TOMORROW will see the dawning of a new age for the North-East.

For the first mayor of the newly formed North of Tyne Combined Authority will be crowned during a ceremony at Northumbria University’s Sport Central.

There has been a lot of noise made from the five candidates in the build-up to today’s elections, but there is still a of confusion about what the mayor will actually bring to the people of Northumberland, North Tyneside and Newcastle.

The mayor will call the Helix science and technology park in Newcastle City Centre home, alongside combined authority staff once the building is completed next year, comes at a cost of a yearly salary of £65,000. So what work will he do to justify the pay packet?

One main benefit of the new mayorship will be the ability to take away some devolved powers from Central Government to make decisions more locally.

The mayor will be able to make executive decisions on transport, housing and tourism which would impact across the three authorities.

A £600m investment fund will be provided over a 30-year period from Westminster to support job creation throughout the region, on top of a £100m investment agreed by the authority’s cabinet over the next five years.

The authority is predicting that 10,000 new job roles will be created across the area by 2050.

Just last week, the authority sent out a bold statement stating it wanted each school within the three authorities to be ranked as good or outstanding by Ofsted as part of the Education Improvement Challenge – only the third area in the UK to undertake such a challenge alongside London and Manchester.

The mayor can designate specific development areas across the region and will also have the powers to purchase land for the authority to be used for regeneration.

He will act as a champion and a voice for the three authority areas on a national and international stage.
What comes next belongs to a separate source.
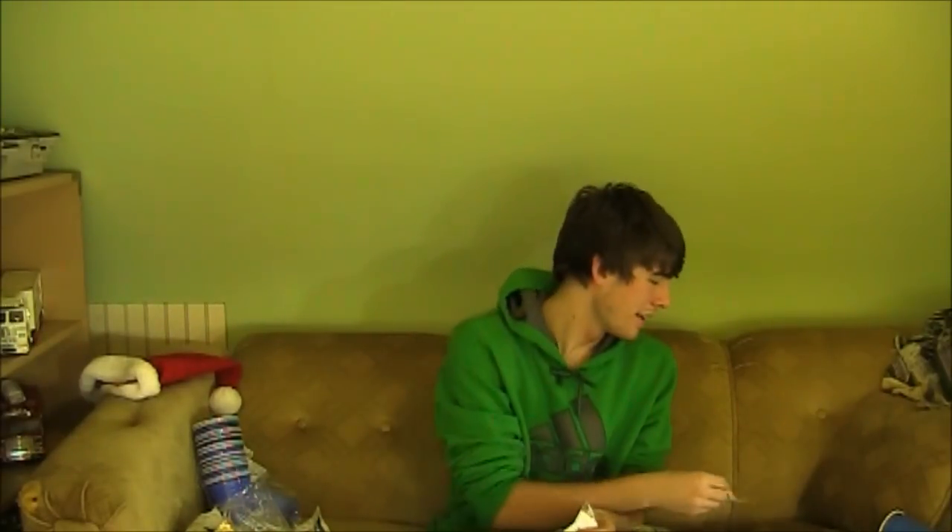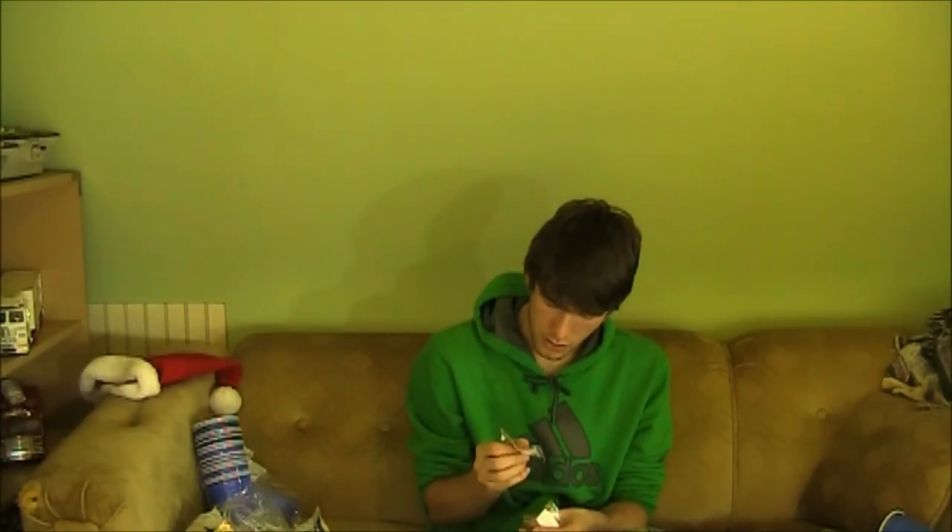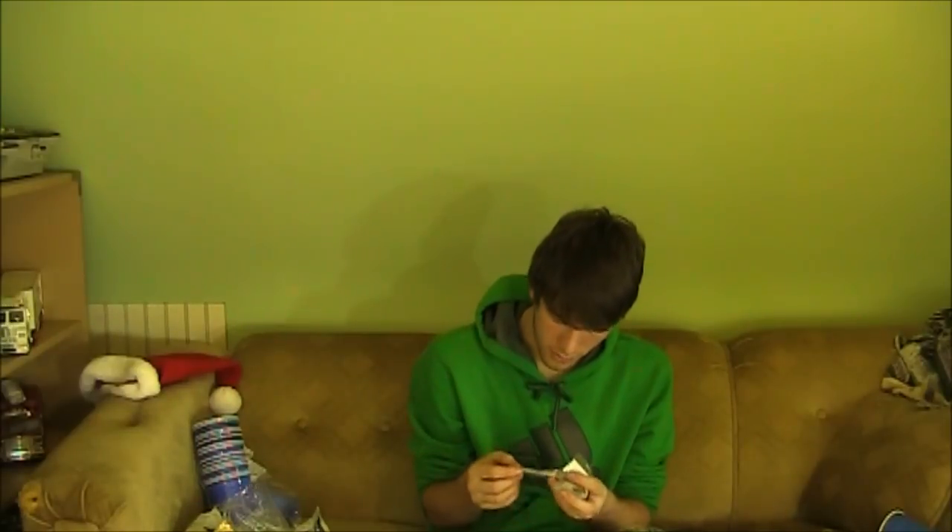Next is a pygmy date palm — pygmy because it's a dwarf variety. I figured it was perfect for the Microgarden because it only gets to be about six to seven feet tall, and my ceilings are eight feet tall, so there'll be just enough room for it.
Once the mayor is elected tomorrow, he will sit in office for five years until 2024, but the term will be four years from then onwards so the that the North of Tyne representative is elected at the same time as the mayors for other UK major cities and regions.

The mayor will head up a cabinet of six members; two members from each constituent council.

Peter Jackson and Wayne Daley will represent Northumberland, while Nick Forbes and Joyce McCarty will sit for Newcastle City Council and North Tyneside’s elected mayor Norma Redfearn and deputy mayor Bruce Pickard will represent their authority.

They will be joined on the cabinet by a non-voting representative from the North East Local Enterprise Partnership.

Cabinet members will consult on some of the mayor’s decisions, while some will by subject to scrutiny by the authority’s overview and scrutiny committee, which will be chaired by Berwick West councillor Gregah Roughead.

People will go to the polls to choose their preferred choice for the first mayor between 7am and 10pm today. There are a total of 222 polling stations in Northumberland.

The Northumberland count will take place at Blyth Sports Centre from 10am tomorrow with the result being announced in a ceremony at Sport Central in the afternoon.

It is anticipated the result will be revealed by 1pm. However, it may not be until 2.30pm if the count goes to a second stage.